NgAgo accurately inserted DNA fragments into the genome to verify that NgAgo was able to target and cut the mammalian genome, the researchers tested whether the NgAgo-gDNA system could be used to edit the genome.
of the provider sequences mediated by homology-directed repair (HDR) is a widely used strategy that can be used to produce specific genomic modifications.
To do this, the researchers designed a fragment of the dna of a provider consisting of a reporting gene region and a G418 resistance gene, in which the reporting gene region consists of two reading boxes: one that encodes mRFP and the other that is a sequence of undying encoding eGFP, separated by the TGA terminator.
that this reporting gene region has no initiaters and therefore is not normally expressed.

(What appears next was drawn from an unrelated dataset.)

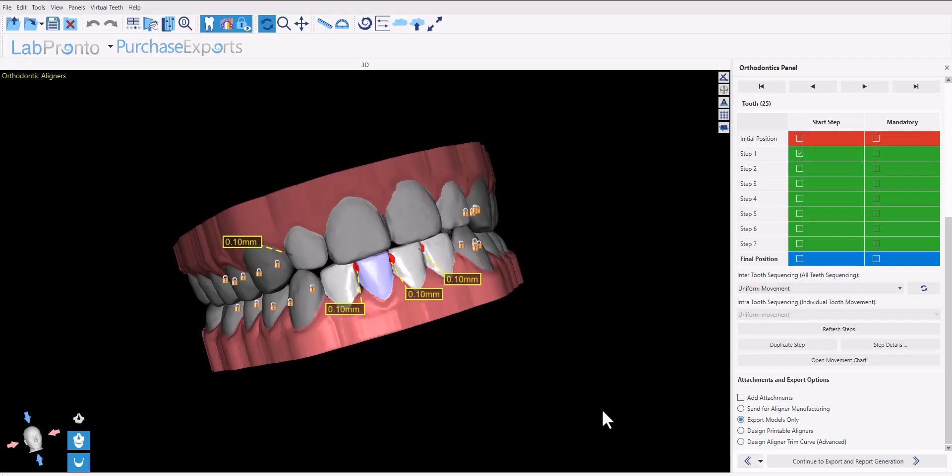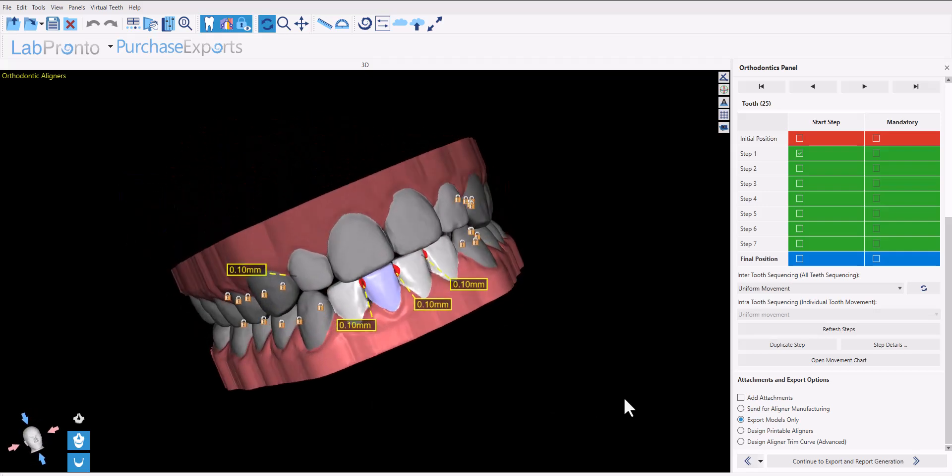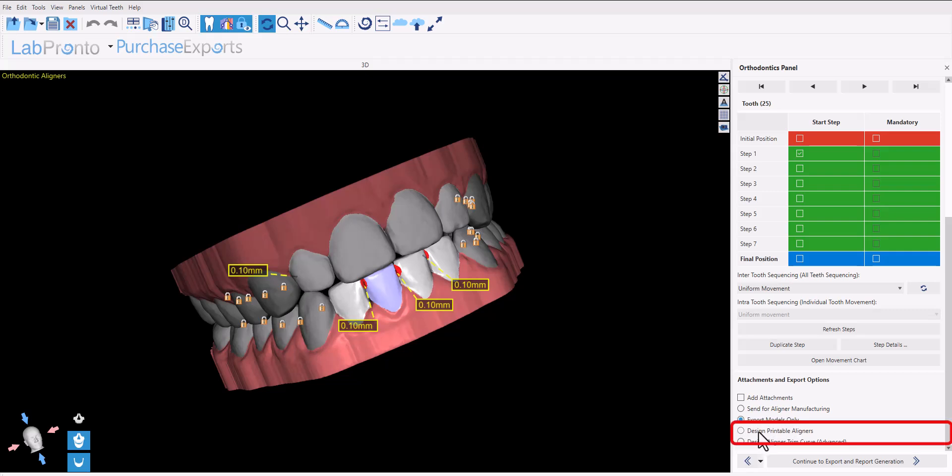Designing aligners for direct aligner printing is super easy in the Blue Sky Plan software. Once you complete the treatment plan, change the option from 'export models only' to 'design printable aligners'. There's no additional cost to design printable aligners.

After transfecting the coding of NgAgo's protons, single-stranded gDNA, and fragments of the provider's DNA into 293T cells, the researchers detected cells that expressed mrRFP and confirmed that in those cells, the supply's DNA fragments were accurately inserted into the desired location.
G418 screening, they isolated a cell clone strain containing fragments of the provider's DNA.
, the researchers used the NgAgo-gDNA system to target the cutting of this positive cytoske.